El Gobierno enmarca todo el proyecto en las “Declaraciones, Derechos y Garantías” de la Constitución. Lo presenta como una corrección liberal a décadas de sobreextensión estatal. No es un dato menor. Milei necesita diferenciarse del macrismo, que reforzó la persecución penal tributaria, y del kirchnerismo, que amplió el rol fiscalizador del Estado. La narrativa oficial repara en los excesos y promete un nuevo trato entre el ciudadano y las agencias de control. La AFIP, para esta visión, debe dejar de ser una maquinaria intimidatoria y recuperar un rol acotado al principio de legalidad.

En términos realpolitiks, el proyecto consolida dos objetivos paralelos. Por un lado, Milei envía un mensaje directo a su base electoral anti-impuestos y a pequeños contribuyentes golpeados por la complejidad del sistema: menos miedo, menos castigo, más previsibilidad. Por el otro, ofrece a inversores extranjeros una señal de “seguridad jurídica” en materia fiscal. Las empresas que evalúan radicarse en el país suelen exigir reglas tributarias claras y menor riesgo penal. Es, en suma, un reordenamiento que reduce la arbitrariedad del Estado y acerca al país a estándares utilizados en economías más laxas en términos de criminalización tributaria.

La cuestión recaudatoria aparece como punto ciego.

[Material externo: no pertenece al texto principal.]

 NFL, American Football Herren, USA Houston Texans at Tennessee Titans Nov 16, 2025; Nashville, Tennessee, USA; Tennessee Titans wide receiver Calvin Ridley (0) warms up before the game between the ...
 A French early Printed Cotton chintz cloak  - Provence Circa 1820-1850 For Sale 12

Menos sanciones penales pueden bajar la eficacia de la persecución de grandes evasores. El Gobierno responde que la clave no es castigar más, sino recaudar mejor y facilitar la formalización. La discusión no está saldada y atravesará el debate parlamentario cuando el proyecto llegue al recinto.

El paquete fiscal se enviará junto con la reforma laboral y otras iniciativas de desregulación. Milei busca, en definitiva, una arquitectura legal que libere capas completas de la economía de controles y umbrales penales que considera asfixiantes. El “Proyecto de Inocencia Fiscal” encarna ese espíritu y también expone su costado más político: la intención deliberada de redefinir la relación entre el Estado y quienes generan actividad económica, aun a riesgo de recortar poder al fisco en un país con alta informalidad.

La escena final es contundente. Para Milei, el Estado debe dejar de comportarse como presunto dueño de la verdad tributaria. Para sus detractores, la reforma puede convertirse en un salvavidas para evasores sofisticados. Lo que no está en duda es que el proyecto rompe una tradición de décadas y acomoda el tablero fiscal a los principios que el presidente repite desde que irrumpió en la política. En términos cinematográficos, la jugada encaja en una trama donde cada reforma no solo cambia leyes, sino correlaciones de fuerza. Y esta, en particular, redefine quién acusa, quién prueba y quién paga el costo de un sistema que nunca fue neutral.